**** Materials provided

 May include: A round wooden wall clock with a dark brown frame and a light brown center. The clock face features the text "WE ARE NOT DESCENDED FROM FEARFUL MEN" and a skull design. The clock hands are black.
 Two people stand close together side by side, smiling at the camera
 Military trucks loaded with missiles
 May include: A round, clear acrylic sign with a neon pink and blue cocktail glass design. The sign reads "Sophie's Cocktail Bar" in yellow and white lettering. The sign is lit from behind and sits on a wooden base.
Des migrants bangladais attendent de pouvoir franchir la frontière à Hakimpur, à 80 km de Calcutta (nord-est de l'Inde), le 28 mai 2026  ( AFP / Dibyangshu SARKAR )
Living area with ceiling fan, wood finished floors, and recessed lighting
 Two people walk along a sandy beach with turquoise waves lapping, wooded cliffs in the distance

********
**** Materials provided

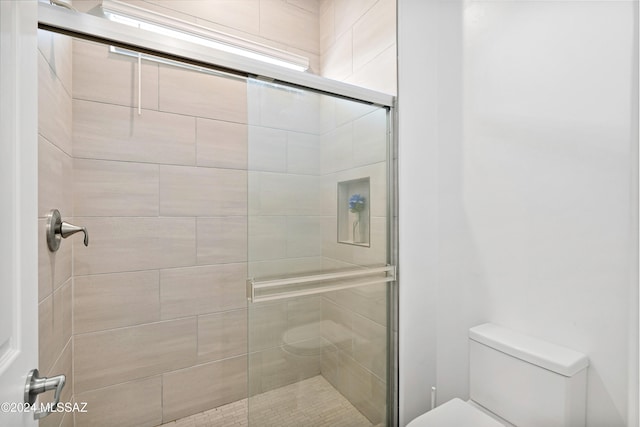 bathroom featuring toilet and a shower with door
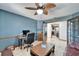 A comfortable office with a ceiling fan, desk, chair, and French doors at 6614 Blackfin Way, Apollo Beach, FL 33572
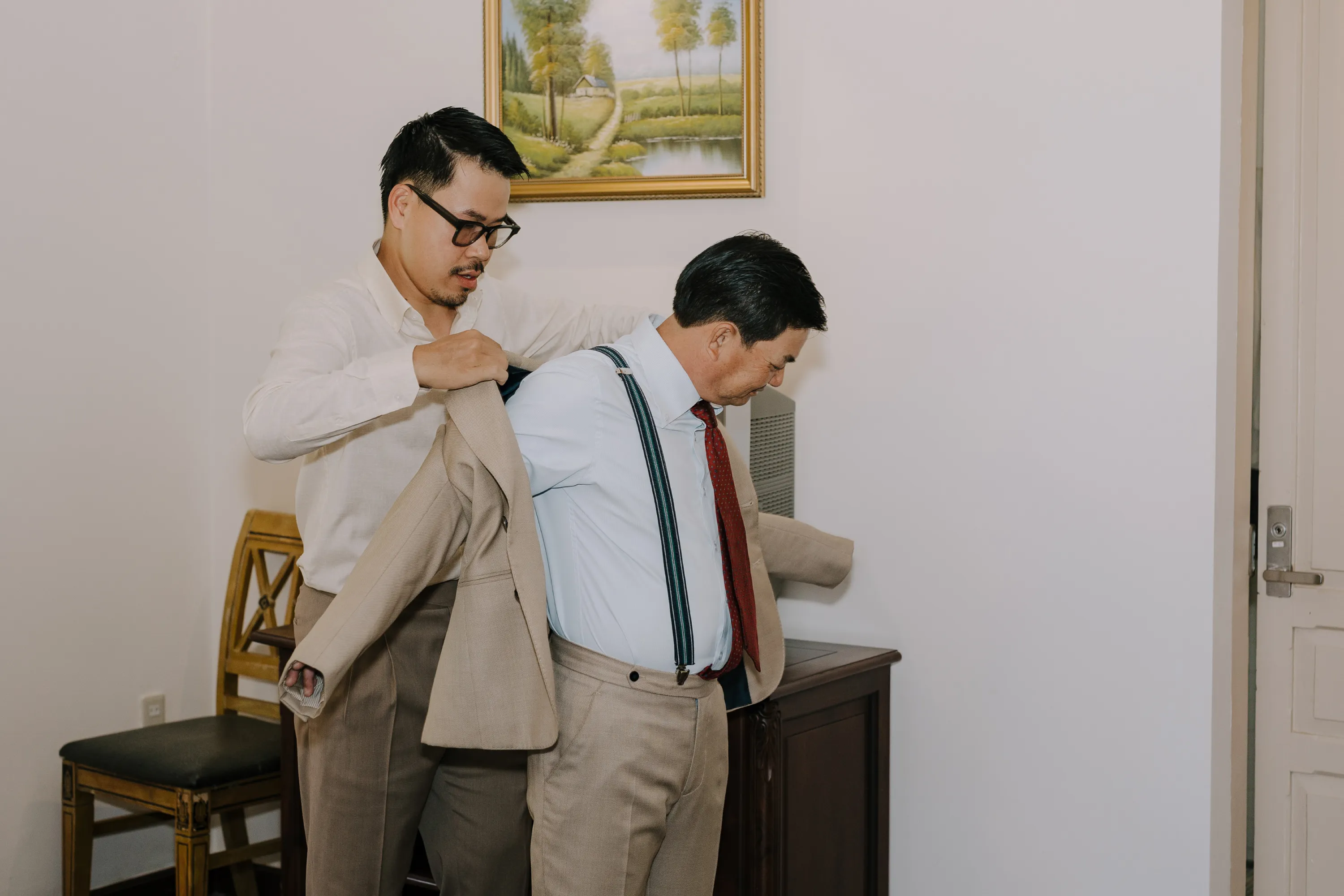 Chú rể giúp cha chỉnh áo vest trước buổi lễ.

********

What the exercise asks » Lines containing the string "design" in the listing: say how many there are, giving only the number.

Result of this task » 2